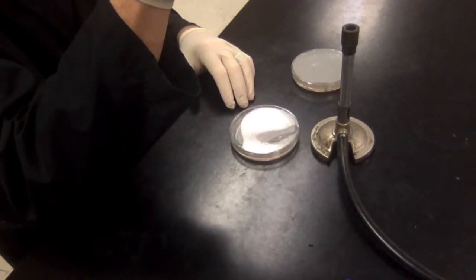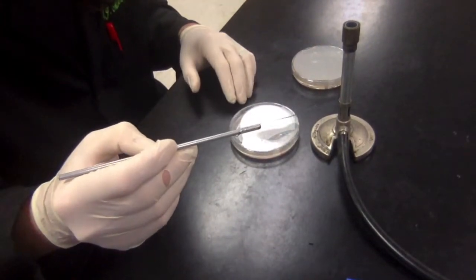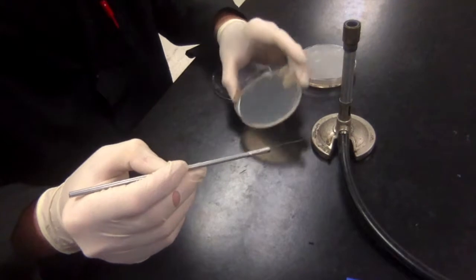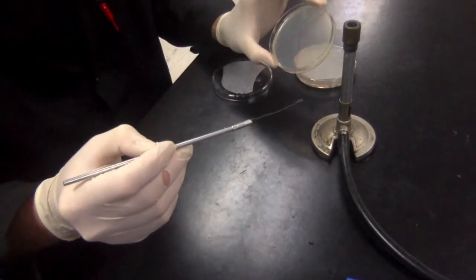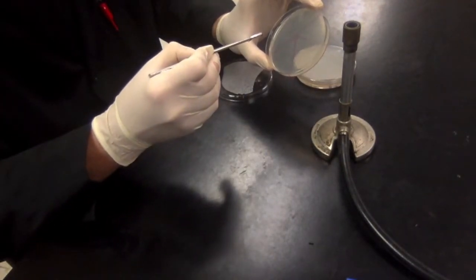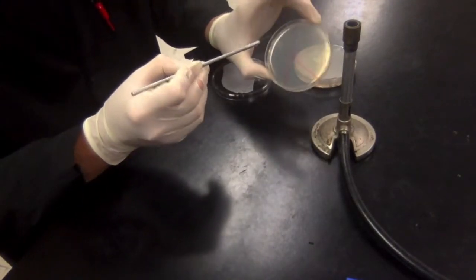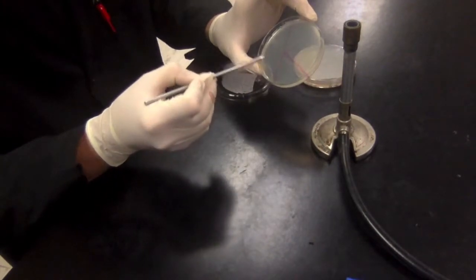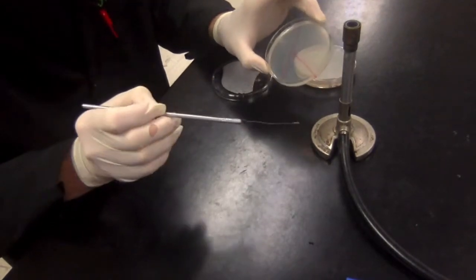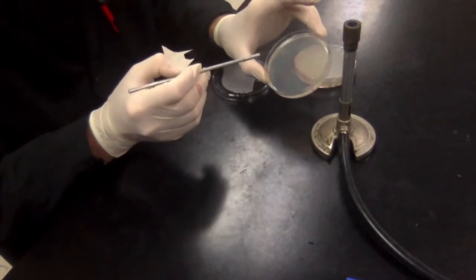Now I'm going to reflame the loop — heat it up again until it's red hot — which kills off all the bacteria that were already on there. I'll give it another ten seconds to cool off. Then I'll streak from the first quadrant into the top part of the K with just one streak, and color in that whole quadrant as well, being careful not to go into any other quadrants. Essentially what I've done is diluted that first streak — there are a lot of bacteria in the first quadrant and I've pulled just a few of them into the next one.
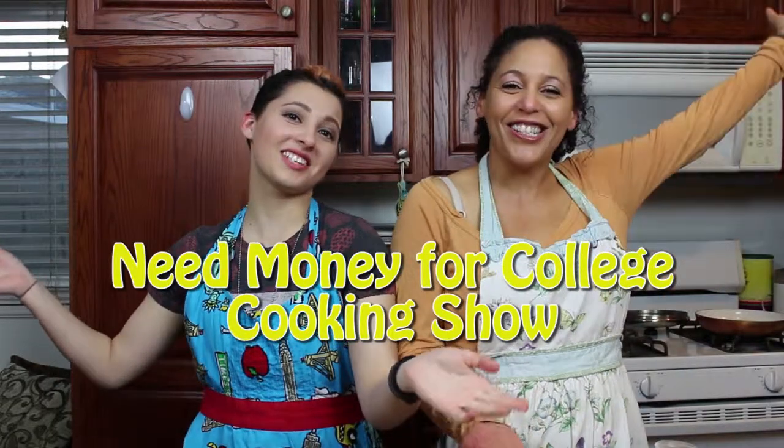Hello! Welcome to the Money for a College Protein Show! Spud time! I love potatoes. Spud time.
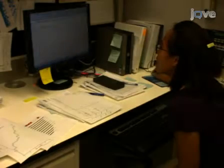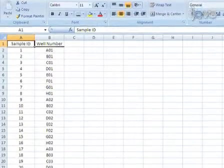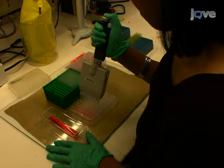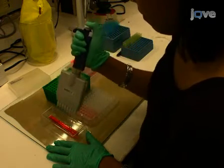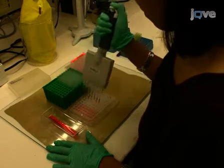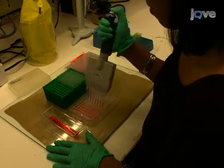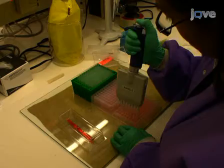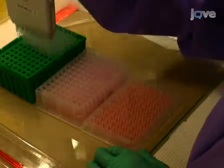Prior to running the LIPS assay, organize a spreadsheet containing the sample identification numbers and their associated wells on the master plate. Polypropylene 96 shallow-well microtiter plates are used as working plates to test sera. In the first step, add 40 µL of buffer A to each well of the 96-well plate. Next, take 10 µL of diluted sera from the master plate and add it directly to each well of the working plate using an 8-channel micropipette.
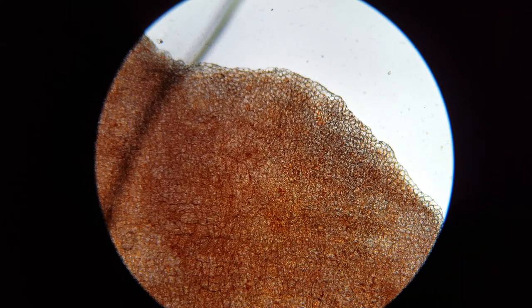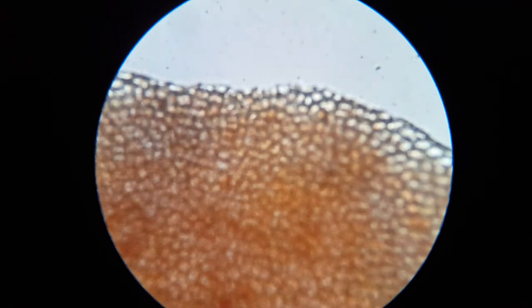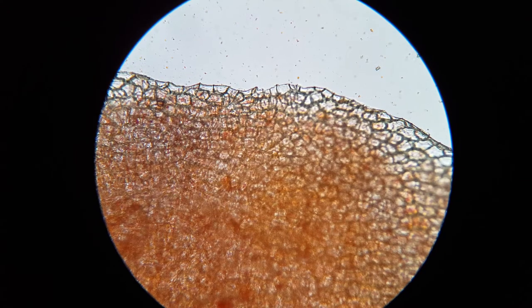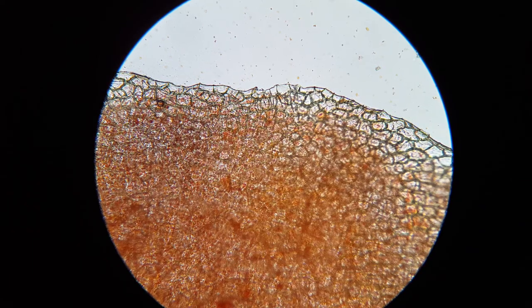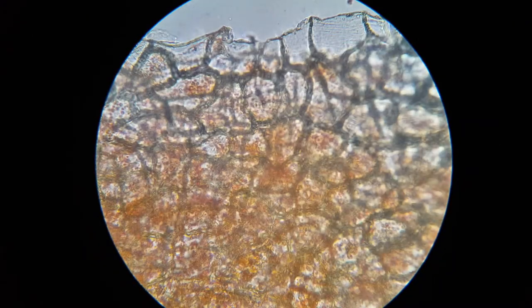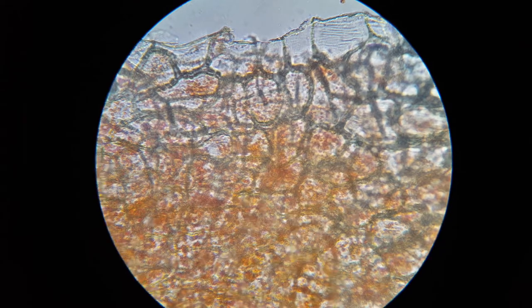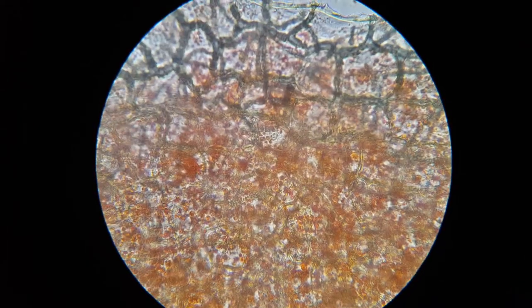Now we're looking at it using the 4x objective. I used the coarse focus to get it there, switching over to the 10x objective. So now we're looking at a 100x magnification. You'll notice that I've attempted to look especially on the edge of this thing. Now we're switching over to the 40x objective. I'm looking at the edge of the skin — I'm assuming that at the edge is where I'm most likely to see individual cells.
--
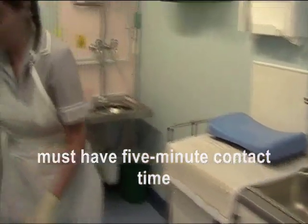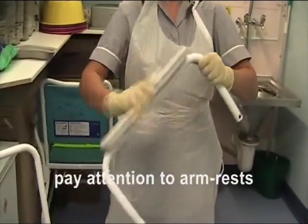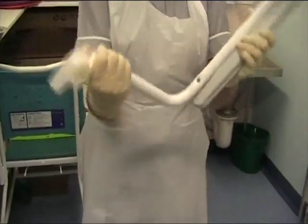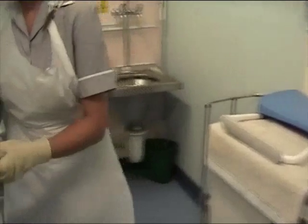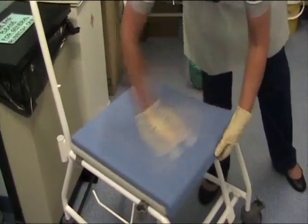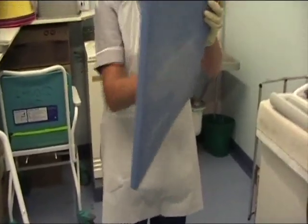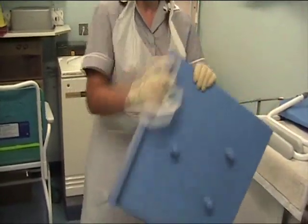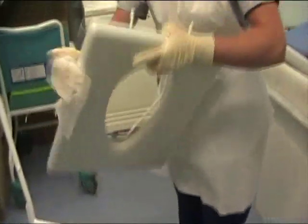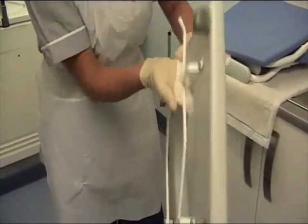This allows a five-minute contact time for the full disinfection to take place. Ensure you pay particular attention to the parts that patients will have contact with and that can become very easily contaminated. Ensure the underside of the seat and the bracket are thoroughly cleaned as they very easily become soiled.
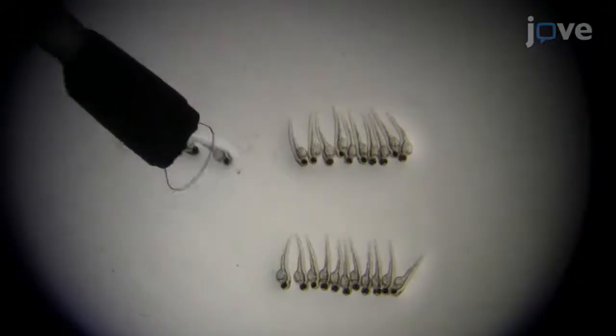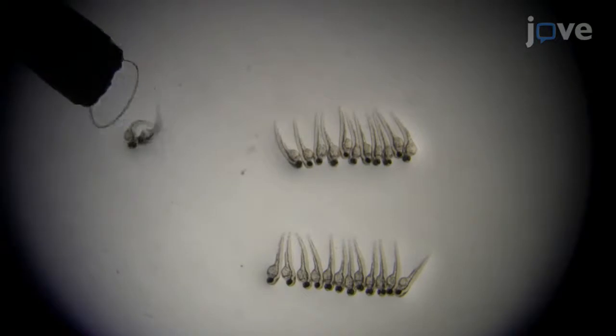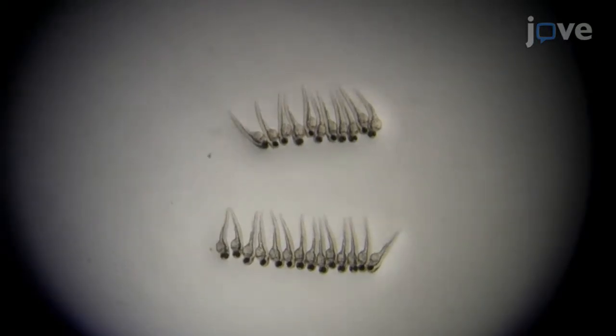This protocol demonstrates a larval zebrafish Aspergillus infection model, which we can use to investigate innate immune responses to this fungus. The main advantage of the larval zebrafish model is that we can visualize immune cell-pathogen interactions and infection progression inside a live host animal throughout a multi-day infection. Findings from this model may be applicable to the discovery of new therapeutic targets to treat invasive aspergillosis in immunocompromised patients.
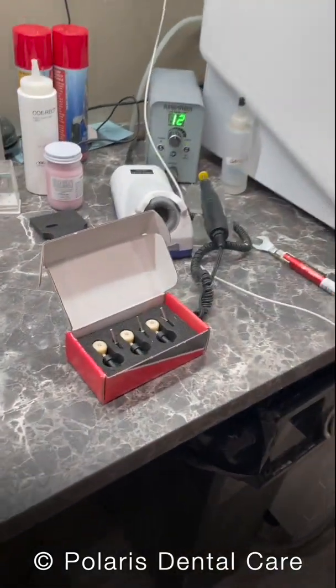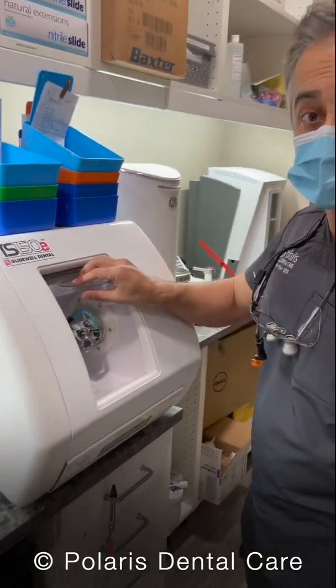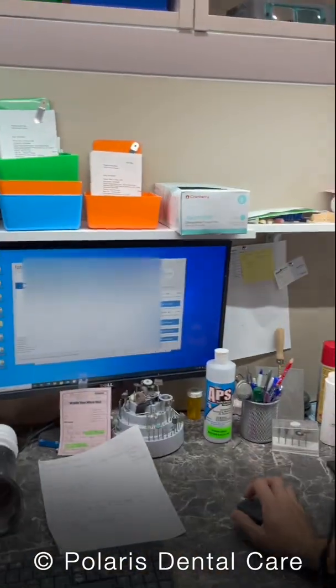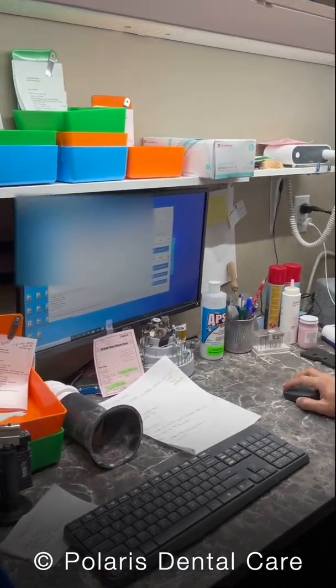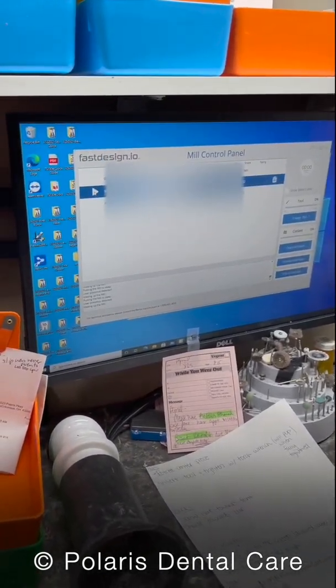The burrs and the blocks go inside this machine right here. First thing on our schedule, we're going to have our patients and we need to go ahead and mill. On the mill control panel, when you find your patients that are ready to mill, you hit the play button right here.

| What you need to do |
Although the records hold pictures, the copy must not; give again exactly the lines from the one with "Prior to running" through the one with "Now we're looking at it".

| Answer space |
Prior to running the LIPS assay, organize a spreadsheet containing the sample identification numbers and their associated wells on the master plate. Polypropylene 96 shallow-well microtiter plates are used as working plates to test sera. In the first step, add 40 µL of buffer A to each well of the 96-well plate. Next, take 10 µL of diluted sera from the master plate and add it directly to each well of the working plate using an 8-channel micropipette.
Now we're looking at it using the 4x objective. I used the coarse focus to get it there, switching over to the 10x objective. So now we're looking at a 100x magnification. You'll notice that I've attempted to look especially on the edge of this thing. Now we're switching over to the 40x objective. I'm looking at the edge of the skin — I'm assuming that at the edge is where I'm most likely to see individual cells.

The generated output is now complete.